Muito se pode dizer sobre os fracassos do REDD e seus impactos sobre os territórios, mas é importante salientar que os defensores desse sistema têm repetido à exaustão que as comunidades que dependem da floresta são culpadas pelo desmatamento e que o REDD seria a salvação para reduzi-lo. Esse é um discurso colonialista e racista, que facilita a imposição, a comunidades e Povos Indígenas, de restrições e proibições sobre o acesso e o uso de suas florestas e terras, enquanto o REDD não impõe restrições e proibições à indústria do petróleo, à exploração de madeira, às megainfraestruturas, à mineração, nem à indústria de plantação de árvores, em constante expansão.

Este artigo apresenta um resumo de cada uma das intervenções feitas durante a discussão. O evento completo pode ser ouvido aqui:

 

WRM a Jutta Kill, membro do Secretariado do WRM

Por que você afirma, em seu artigo, que o REDD não foi apenas um fracasso? E por que ainda se fala de REDD nas negociações da ONU?

Jutta Kill: A redução do desmatamento nunca foi a principal razão ou motivação para se introduzir esse mecanismo. Sendo assim, quais são essas outras motivações para o REDD? Identificá-las nos ajudaria a compreender por que, apesar da persistência de níveis elevados de desmatamento, o REDD – e agora também as chamadas “soluções baseadas na natureza” – ainda têm um grande espaço nas discussões sobre o clima.
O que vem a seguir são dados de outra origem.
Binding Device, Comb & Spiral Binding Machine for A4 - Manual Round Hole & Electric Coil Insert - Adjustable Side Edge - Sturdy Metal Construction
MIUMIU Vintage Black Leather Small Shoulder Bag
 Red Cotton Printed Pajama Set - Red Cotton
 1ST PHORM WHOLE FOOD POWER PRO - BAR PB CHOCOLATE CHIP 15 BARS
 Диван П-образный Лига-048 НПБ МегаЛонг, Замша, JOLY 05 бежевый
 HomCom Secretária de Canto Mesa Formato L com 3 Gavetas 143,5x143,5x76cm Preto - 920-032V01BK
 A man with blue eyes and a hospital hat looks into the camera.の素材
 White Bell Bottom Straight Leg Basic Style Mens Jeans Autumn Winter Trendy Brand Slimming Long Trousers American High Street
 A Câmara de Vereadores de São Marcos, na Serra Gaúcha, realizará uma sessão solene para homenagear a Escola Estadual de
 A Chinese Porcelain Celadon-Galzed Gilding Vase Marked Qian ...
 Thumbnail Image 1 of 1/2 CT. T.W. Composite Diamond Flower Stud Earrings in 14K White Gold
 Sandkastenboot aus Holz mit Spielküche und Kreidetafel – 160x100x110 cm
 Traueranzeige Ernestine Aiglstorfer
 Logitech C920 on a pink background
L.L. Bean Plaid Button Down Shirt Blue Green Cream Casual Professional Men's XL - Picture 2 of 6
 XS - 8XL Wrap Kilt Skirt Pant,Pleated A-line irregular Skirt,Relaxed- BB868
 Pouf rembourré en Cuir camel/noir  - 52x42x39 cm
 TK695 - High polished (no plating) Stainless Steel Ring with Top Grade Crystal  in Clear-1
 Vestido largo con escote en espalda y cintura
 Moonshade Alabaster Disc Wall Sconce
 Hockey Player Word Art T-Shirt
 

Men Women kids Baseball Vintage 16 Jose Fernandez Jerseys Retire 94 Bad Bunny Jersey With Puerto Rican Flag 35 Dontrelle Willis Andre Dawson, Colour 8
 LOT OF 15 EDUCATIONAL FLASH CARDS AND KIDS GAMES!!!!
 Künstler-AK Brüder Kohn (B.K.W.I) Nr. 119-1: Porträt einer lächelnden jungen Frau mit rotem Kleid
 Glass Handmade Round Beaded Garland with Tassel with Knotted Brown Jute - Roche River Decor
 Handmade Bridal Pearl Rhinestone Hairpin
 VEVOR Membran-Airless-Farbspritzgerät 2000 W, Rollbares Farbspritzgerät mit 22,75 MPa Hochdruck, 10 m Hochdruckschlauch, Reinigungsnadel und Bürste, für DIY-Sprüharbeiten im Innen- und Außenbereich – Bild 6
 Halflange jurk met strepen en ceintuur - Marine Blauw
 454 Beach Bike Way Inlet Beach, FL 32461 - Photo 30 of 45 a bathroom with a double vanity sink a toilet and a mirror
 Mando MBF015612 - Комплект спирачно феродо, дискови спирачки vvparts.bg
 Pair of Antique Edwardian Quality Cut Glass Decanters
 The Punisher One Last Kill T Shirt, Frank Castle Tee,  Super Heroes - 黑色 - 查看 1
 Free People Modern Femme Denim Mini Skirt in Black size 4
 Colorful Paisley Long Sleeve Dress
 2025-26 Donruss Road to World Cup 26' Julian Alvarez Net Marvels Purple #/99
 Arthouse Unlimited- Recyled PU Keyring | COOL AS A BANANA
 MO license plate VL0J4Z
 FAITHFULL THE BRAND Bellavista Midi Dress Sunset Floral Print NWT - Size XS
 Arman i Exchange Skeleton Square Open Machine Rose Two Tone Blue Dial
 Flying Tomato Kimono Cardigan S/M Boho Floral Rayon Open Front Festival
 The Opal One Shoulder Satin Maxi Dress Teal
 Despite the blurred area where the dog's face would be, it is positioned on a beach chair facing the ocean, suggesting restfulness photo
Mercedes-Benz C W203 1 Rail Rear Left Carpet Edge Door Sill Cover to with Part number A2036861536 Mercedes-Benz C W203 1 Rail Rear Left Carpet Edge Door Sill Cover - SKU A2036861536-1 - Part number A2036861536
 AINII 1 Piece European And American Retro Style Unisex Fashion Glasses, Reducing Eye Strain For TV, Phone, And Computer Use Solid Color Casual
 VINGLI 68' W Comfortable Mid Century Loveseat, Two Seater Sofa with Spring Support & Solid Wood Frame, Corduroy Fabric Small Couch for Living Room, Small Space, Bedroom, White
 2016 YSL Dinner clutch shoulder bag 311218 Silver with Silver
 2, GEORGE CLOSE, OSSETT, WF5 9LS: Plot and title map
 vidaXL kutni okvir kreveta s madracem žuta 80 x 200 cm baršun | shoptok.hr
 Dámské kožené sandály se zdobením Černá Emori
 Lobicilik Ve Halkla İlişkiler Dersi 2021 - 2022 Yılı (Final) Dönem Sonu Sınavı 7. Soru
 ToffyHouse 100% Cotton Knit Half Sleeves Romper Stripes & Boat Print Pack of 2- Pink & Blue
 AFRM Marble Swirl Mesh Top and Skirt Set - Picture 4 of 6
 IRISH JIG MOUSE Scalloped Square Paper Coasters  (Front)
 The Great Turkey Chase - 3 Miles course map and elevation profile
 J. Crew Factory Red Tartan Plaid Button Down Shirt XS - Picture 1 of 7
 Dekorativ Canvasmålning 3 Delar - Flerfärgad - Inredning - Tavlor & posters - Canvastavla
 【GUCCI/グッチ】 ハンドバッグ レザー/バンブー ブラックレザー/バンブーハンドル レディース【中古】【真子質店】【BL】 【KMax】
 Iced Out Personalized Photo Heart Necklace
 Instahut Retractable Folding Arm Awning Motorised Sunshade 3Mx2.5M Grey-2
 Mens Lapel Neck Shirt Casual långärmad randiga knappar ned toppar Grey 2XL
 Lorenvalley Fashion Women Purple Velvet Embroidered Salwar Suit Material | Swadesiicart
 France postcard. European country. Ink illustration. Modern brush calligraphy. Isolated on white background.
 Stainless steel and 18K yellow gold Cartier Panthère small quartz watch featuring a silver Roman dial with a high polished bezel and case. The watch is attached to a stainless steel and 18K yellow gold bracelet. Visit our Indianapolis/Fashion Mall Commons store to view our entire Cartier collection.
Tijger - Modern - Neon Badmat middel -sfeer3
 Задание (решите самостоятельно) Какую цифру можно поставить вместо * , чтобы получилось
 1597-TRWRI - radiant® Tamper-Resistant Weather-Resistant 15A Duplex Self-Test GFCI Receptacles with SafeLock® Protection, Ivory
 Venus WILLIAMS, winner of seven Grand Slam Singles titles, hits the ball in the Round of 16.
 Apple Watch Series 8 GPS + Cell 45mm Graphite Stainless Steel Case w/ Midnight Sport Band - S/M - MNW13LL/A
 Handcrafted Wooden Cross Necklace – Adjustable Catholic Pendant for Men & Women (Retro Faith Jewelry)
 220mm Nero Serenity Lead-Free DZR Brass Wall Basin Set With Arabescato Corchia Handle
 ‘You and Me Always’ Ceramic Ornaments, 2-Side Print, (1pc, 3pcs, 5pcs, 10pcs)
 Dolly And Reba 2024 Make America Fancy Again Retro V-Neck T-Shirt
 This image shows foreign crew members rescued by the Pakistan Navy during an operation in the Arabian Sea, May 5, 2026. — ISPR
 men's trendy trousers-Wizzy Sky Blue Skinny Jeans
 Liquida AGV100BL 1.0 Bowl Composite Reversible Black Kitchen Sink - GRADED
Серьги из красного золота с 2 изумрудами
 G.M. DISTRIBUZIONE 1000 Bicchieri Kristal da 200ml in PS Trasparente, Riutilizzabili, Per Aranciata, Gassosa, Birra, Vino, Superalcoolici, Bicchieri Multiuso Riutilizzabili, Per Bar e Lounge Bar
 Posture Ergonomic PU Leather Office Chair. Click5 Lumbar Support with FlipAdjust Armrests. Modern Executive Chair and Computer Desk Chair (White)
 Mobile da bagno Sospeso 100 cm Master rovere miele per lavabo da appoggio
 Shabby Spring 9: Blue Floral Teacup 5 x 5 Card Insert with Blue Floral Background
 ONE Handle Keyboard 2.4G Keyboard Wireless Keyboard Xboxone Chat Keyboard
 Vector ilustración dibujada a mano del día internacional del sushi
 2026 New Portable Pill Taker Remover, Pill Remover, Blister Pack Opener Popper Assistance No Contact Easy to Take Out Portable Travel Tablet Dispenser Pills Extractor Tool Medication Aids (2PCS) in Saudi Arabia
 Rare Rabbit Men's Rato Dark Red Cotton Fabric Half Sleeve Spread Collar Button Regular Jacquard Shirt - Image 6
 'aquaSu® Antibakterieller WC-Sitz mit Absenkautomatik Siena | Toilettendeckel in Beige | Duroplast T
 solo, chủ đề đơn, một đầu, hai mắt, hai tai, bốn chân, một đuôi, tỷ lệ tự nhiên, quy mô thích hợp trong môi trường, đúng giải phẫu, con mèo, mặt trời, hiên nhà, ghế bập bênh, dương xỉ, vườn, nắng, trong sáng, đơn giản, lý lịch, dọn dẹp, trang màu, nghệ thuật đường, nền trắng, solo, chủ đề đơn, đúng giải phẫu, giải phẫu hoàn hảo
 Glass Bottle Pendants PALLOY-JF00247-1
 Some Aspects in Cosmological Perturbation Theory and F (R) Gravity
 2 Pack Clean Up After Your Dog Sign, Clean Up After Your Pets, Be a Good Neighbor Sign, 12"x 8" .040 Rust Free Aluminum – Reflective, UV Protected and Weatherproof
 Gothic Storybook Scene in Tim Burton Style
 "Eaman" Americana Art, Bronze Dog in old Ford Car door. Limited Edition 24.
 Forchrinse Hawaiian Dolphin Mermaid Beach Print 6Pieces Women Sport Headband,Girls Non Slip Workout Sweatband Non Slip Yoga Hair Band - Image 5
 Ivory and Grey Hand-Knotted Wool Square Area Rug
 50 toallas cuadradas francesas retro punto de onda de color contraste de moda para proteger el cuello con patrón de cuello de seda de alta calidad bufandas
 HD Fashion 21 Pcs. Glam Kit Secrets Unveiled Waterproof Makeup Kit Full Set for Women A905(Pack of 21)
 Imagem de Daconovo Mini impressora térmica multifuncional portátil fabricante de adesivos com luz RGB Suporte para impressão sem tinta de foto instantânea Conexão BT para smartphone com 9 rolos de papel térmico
Se olharmos apenas para o fracasso do REDD na redução do desmatamento, não enxergaremos quem se beneficiou e em que sentido ele não foi um fracasso. O REDD não foi um fracasso para a indústria do petróleo e outras, responsáveis pela crise climática. Mineradoras e petrolíferas estão entre as maiores beneficiárias desse mecanismo porque, para elas, o REDD tem servido para desviar a discussão, e tornou impossível discutir, tanto na ONU como na sociedade em geral, o que realmente deveria ser discutido: como manter os combustíveis fósseis no solo. Quando não prestamos atenção ao carbono que está preso debaixo do solo, essas empresas ficam muito felizes, pois isso lhes permite manter os seus lucros milionários provenientes da extração de petróleo, gás e carvão. Em vez disso, o foco do REDD recai sobre o carbono que está acima da superfície da terra, ou seja, nas florestas e nos solos. Isso é uma armadilha.

O REDD também não foi um fracasso para o setor da conservação. Essas grandes ONGs obtiveram enormes lucros com oficinas de formação, metodologias de medição de carbono (com enormes margens de erro) e assim por diante.

Outra razão pela qual o REDD não vem sendo apenas um fracasso é a grande quantidade de programas de “neutralidade de carbono” que estão disponíveis hoje em dia. O REDD tem sido fundamental para nos fazer acreditar que não há problema em continuar comprando produtos e serviços que, na verdade, agravam a crise climática.

Concluindo, muita gente está obtendo lucros astronômicos com a indústria dos combustíveis fósseis, e é gente que usa o REDD – e agora, as chamadas “soluções baseadas na natureza” – e o mercado do carbono para desviar nossa atenção da necessidade de deixar de extrair petróleo, gás e carvão do solo. Por outro lado, o REDD também ajudou a aumentar a apropriação da terra e o controle de seu uso por Povos Indígenas e comunidades camponesas.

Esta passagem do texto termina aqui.